* **YOUR ASSIGNMENT**: All of the data should be copied exactly, with the pictures left out.

* **DATA EXCERPT**:
——

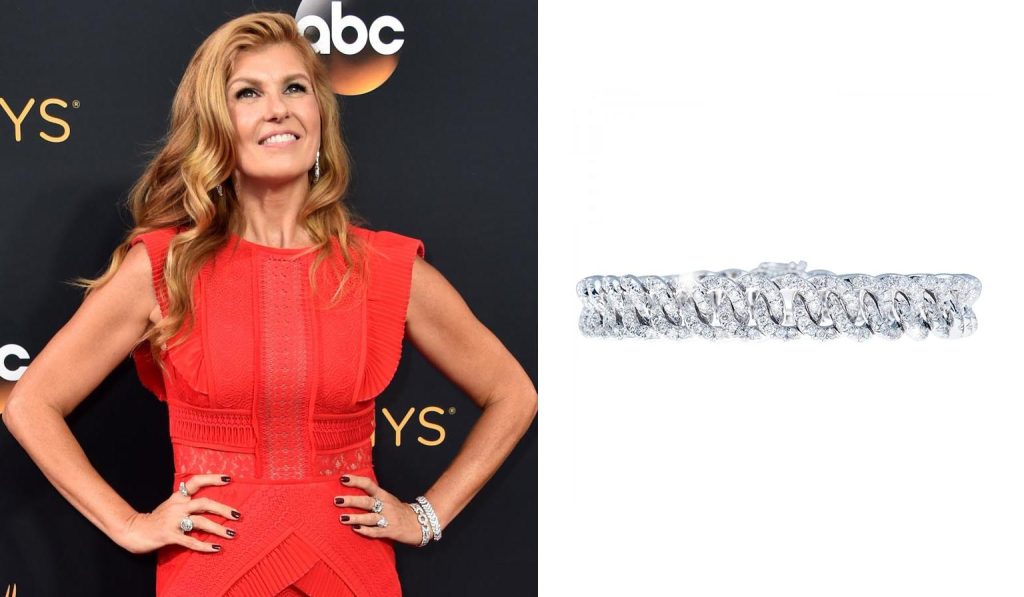 Celebrity wearing white gold diamond bangle at the 2016 Emmy Awards red carpet.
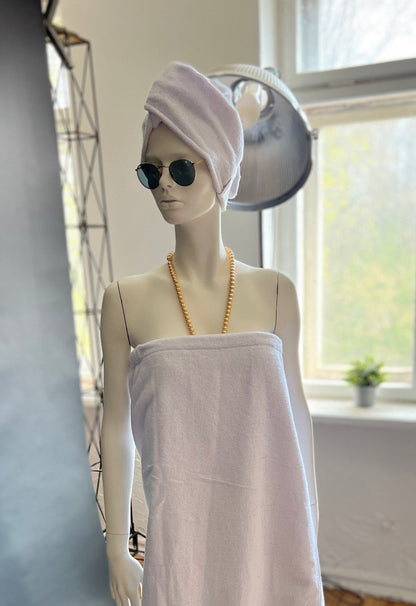 Peanahka rätik turbaaniga ja nööbiga - frotee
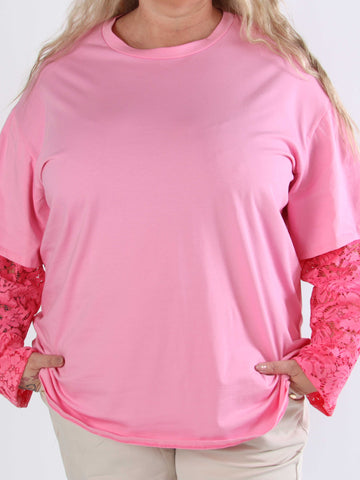 Valerie - T-shirt i bomull med långa ärmar i spets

——

* **ANSWER SPACE**:
 Celebrity wearing white gold diamond bangle at the 2016 Emmy Awards red carpet.
 Peanahka rätik turbaaniga ja nööbiga - frotee
 Valerie - T-shirt i bomull med långa ärmar i spets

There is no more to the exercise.